When others have asked about Don’s position on the issues covered in our 1985 questions, Don has said he is “glad” to report that his views are “basically the same as brother Homer Hailey.” Hailey’s error would not match Don’s answers to our questions. Don also endorses the “articles” of “Ed Harrell” in Christianity Magazine as permitting “fellowship” with brethren who teach and practice things contrary to what Jesus taught on divorce and remarriage.

Near the end of our letter of June 26, 1991 we made the following request for clarification:

Don, surely you can see that your position needs to be clarified. How can you answer our questions so clearly and scripturally, adding, “I am not ashamed to let anybody know it,” but then tell other brethren that you are “glad” to tell anyone that you hold the opposite answers to the same basic questions? If you misled us, surely you would feel an ethical responsibility to return the money we sent. If you have totally reversed your position, what passages dictated your present views? We need to learn the truth if we do not know it. We respectfully request that you answer the same three questions you covered in 1985, using Scripture and explanations as you did before.

When brethren are asked to send and support a preacher somewhere, there should be no hesitation on the church’s part in asking or on the preacher’s part in declaring what will be taught. We still do not know what happened to Don Givens because he never answered our letter. We can only hope he will repent of the error he is teaching and stand for “all the counsel of God” on divorce and remarriage (Acts 20:27).

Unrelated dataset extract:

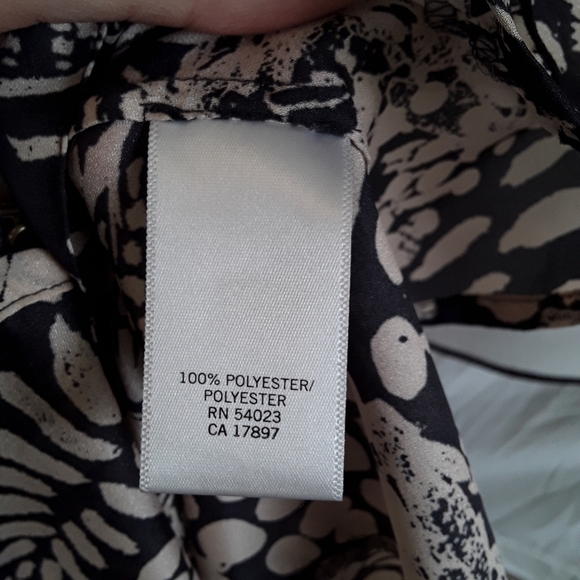 Banana Republic Satin Button Down Short Sleeve Blouse Womens Sz S - Picture 6 of 6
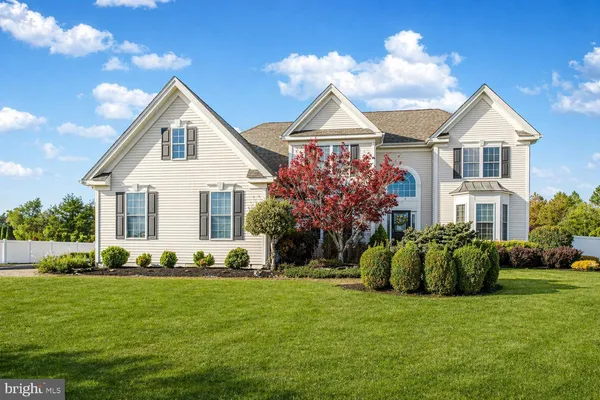 $999,000 | 43 Oxford Circle, Southampton, NJ 08088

In the meantime, we continue to hear of churches involved in supporting Don which are not aware of his error. Don applied his error to an actual case of unscriptural remarriage in the church at Leeward, which divided that church. In the aftermath of this problem, as the Leeward church was considering terminating his work with them, he resigned the work in July of 1991. Some churches have continued sending Don financial support because they have not been aware of his error or of the &vision and resignation resulting from this error. None of this information was provided in the reports which Don continued to send out (and perhaps is still sending out?) to those churches. None of this information was included in Don’s reports dated August 1991, September-October 1991, and November-December 1991.

Since each church is autonomous, we can only plead with brethren to inquire and investigate when you invest the Lord’s money in supporting preachers.